* **ABOUT THIS TASK**
Word for word, return each entry that follows, with every image removed.

* **TASK DATA**
------------------------

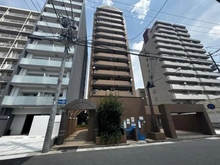 【愛知県/名古屋市熱田区二番】グランドメゾン六番町 外観：写真中央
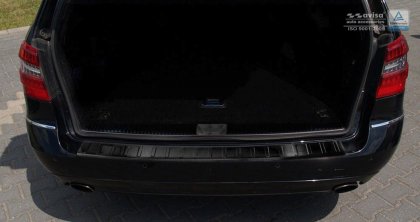 Nerezová ochranná lišta zadního nárazníku Mercedes-Benz E W212 09-13 T-model (kombi) - grafitová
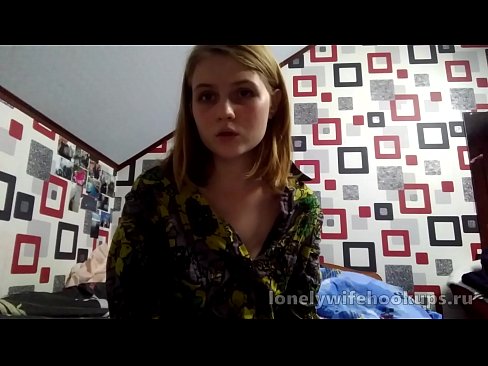 ❤️ 来自俄罗斯的年轻金发碧眼的学生喜欢更大的阴茎。 ❌ Porno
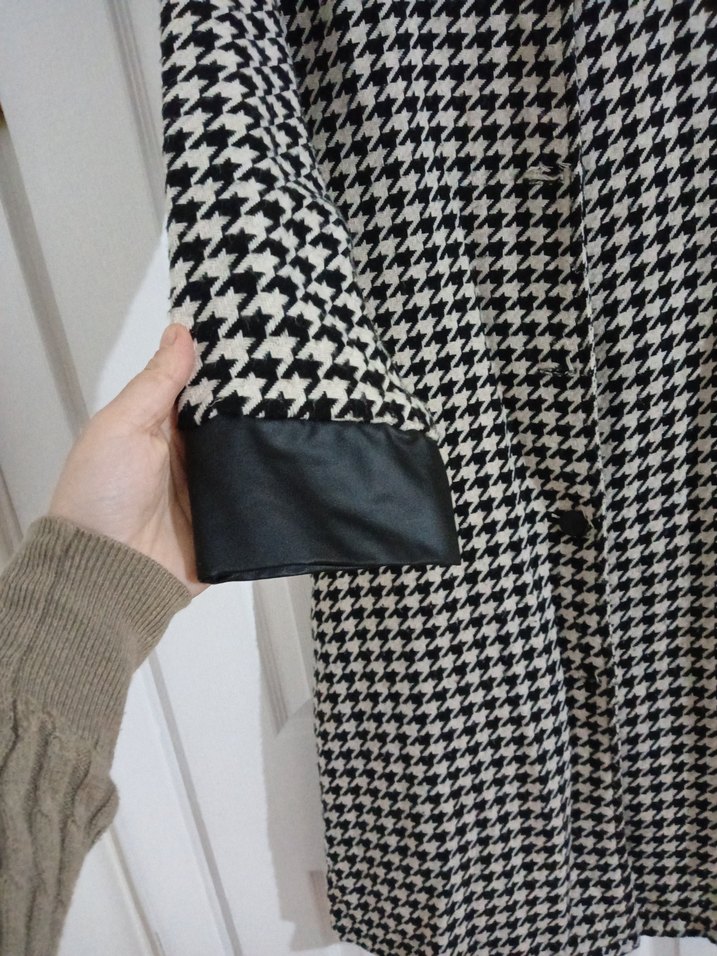 Tavin Düğmeli Uzun Kadın Kaban - Görsel 2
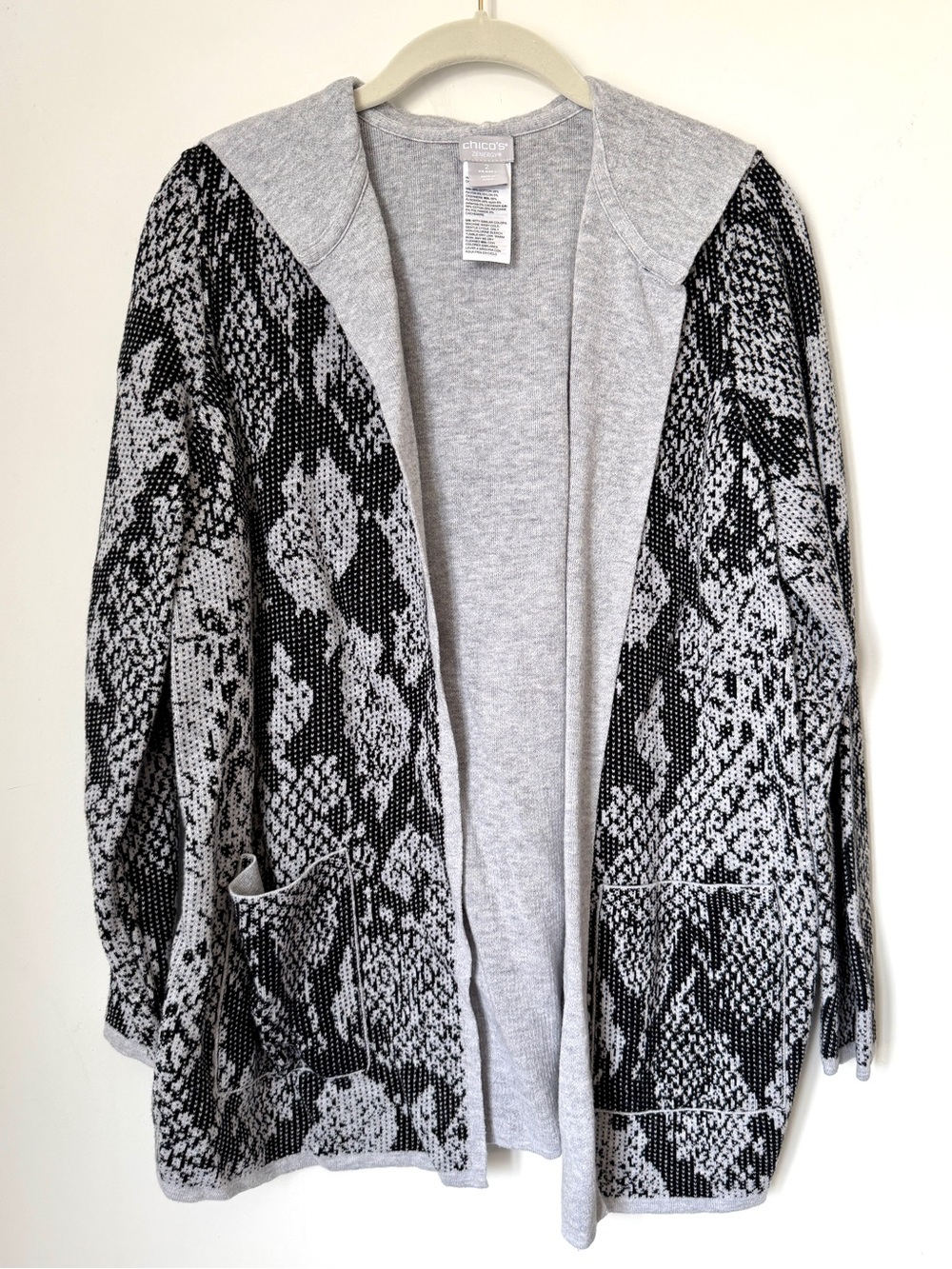 Chico’s Black Gray Snakeskin Open Front Hooded Cardigan Size 2(US Large) Pockets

------------------------

* **EXERCISE SOLUTION**
 【愛知県/名古屋市熱田区二番】グランドメゾン六番町 外観：写真中央
 Nerezová ochranná lišta zadního nárazníku Mercedes-Benz E W212 09-13 T-model (kombi) - grafitová
 ❤️ 来自俄罗斯的年轻金发碧眼的学生喜欢更大的阴茎。 ❌ Porno
 Tavin Düğmeli Uzun Kadın Kaban - Görsel 2
 Chico’s Black Gray Snakeskin Open Front Hooded Cardigan Size 2(US Large) Pockets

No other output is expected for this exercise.